A lot of fun to finally build. Thanks for looking.
Russell


----------



## buzzconroy (Jun 28, 2002)

Very nice I love it, I am a big Tom Daniel fan,this is my fav showrod.

Randy


----------



## spencer1984 (Nov 3, 2005)

Very cool! What did you use for the purple? I like the sheen on those parts.


----------



## deadmanincfan (Mar 11, 2008)

Nice job, Russell! :thumbsup:


----------



## RUSSELL ZACHRY (Aug 4, 1999)

spencer1984 said:


> Very cool! What did you use for the purple? I like the sheen on those parts.

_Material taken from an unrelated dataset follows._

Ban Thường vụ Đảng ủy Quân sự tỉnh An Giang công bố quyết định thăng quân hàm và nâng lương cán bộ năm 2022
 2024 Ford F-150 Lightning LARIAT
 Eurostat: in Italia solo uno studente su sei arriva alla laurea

I white primered everything, then used silver duplicolor wheel paint, and then duplicolor metalcast purple .
I was really happy with the way it turned out.
Thanks, Russell


----------



## Hammerdude (Jun 26, 2002)

Awesome job.


----------



## Zombie_61 (Apr 21, 2004)

buzzconroy said:


> ...I am a big Tom Daniel fan, this is my fav showrod.


Same here. It sure is nice to see these in circulation again. Beautiful build-up Russell!


----------



## Marko (Jul 11, 2002)

very nice and great pic, thanks for posting!


----------